Kamala Harris will announce her running mate on Monday as she prepares to tour US battleground states aimed at turning enthusiasm for her presidential bid into lasting support that could carry her to victory.
All roads to the White House pass through some crucial states, and Harris will begin a five-day trip on Tuesday to the largest state – Pennsylvania – as she prepares for her Nov. 5 showdown with Republican Donald Trump.
“At this moment, we have to choose between two visions for our country: one focused on the future, the other on the past… This campaign is about people coming together, inspired by patriotism, and fighting to be the best we can be,” he wrote on X.
After winning enough delegate votes to secure the Democratic nomination, the nation’s first female, Black and South Asian vice president will head to the national convention in Chicago in two weeks with full control of her party.
In a campaign barely two weeks old, the 59-year-old former prosecutor has shattered fundraising records, attracted massive crowds and dominated social media, erasing the polling lead that Trump built before President Joe Biden dropped out of the race.
Next on the agenda is the vice presidential pick, which is expected to be announced any time before the mystery candidate holds his rally in Philadelphia, Pennsylvania’s largest city, on Tuesday evening.
The Keystone State is the most valuable real estate in the closely contested battleground states that will decide the Electoral College system.

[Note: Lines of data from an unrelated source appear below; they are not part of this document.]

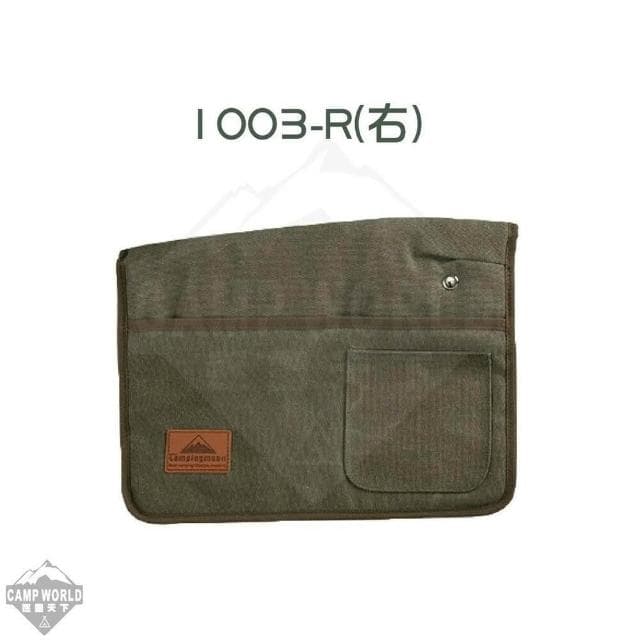 柯曼 扶手置物袋 1003 椅側袋 扶手置物袋 收納袋 扶手袋 CAMPINGMOON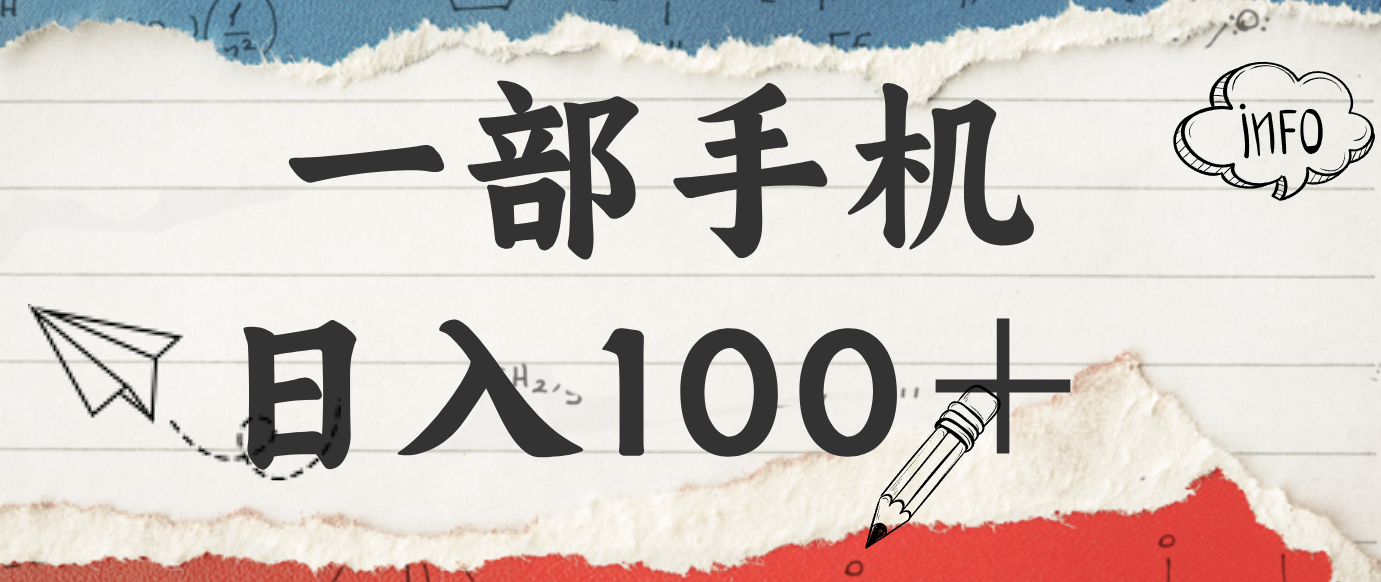 揭秘:一部手机日入100+,只需看广告,人人可做,有手就行【附教程】-星空网创资源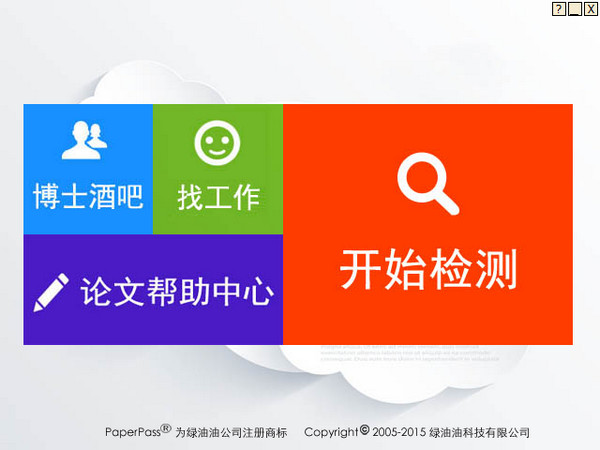 paperpass论文检测 绿色免费版图1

It’s part of the “blue wall” that carried Biden to the White House in 2020, along with Michigan and Wisconsin — two states where Harris is set to wow crowds on Wednesday.
Pennsylvania is governed by 51-year-old Democrat Josh Shapiro, who is a frontrunner in the so-called “veepstakes” list that includes governors Tim Walz and Andy Beshear from other states, as well as Arizona Senator Mark Kelly and U.S. Transportation Secretary Pete Buttigieg.
‘Freedom’
This weekend, Harris will visit the more racially diverse Sun Belt and Southern states of Arizona, Nevada, Georgia and North Carolina as she seeks to turn out Black and Hispanic votes that have been shifting away from Democrats.
Just a month ago, Trump was in full control, having taken a significant lead in swing state polling after Biden’s dismal debate performance, with the Republican tycoon leaving the country unsure about his own vice presidential pick.
Trump’s White House bid collapsed on July 21 when the 81-year-old Biden, facing growing concerns over his age and lagging poll numbers, dropped out of the race and endorsed Harris.
Energetic and two decades younger than the 78-year-old Trump, the vice president is off to a fast start, raising $310 million in July, according to his campaign — more than double Trump’s.
While Biden made high-minded appeals for a return to civility and the preservation of democracy, Harris has focused on the future, and made voters’ hard-fought “freedom” a touchstone of her campaign.
He and his allies have been more aggressive than the Biden camp — mocking Trump for reneging on his commitment to a Sept. 10 debate and portraying the convicted felon as an elderly curmudgeon and a “weirdo.”
Though she has repudiated some of the left-wing stances she took during her ill-fated 2020 primary campaign, Harris has not given any extensive interviews since entering the race, and rally-goers will be looking for more information about her plans for the country.
Meanwhile, Trump and his Republicans are struggling to keep up with their new opponent or ramp up their attacks against Harris — first sending out messages that she is dangerously liberal on immigration and crime, and then suggesting that she is lying about being black.
(Except for the headline, this story has not been edited by NDTV staff and is published from a syndicated feed.)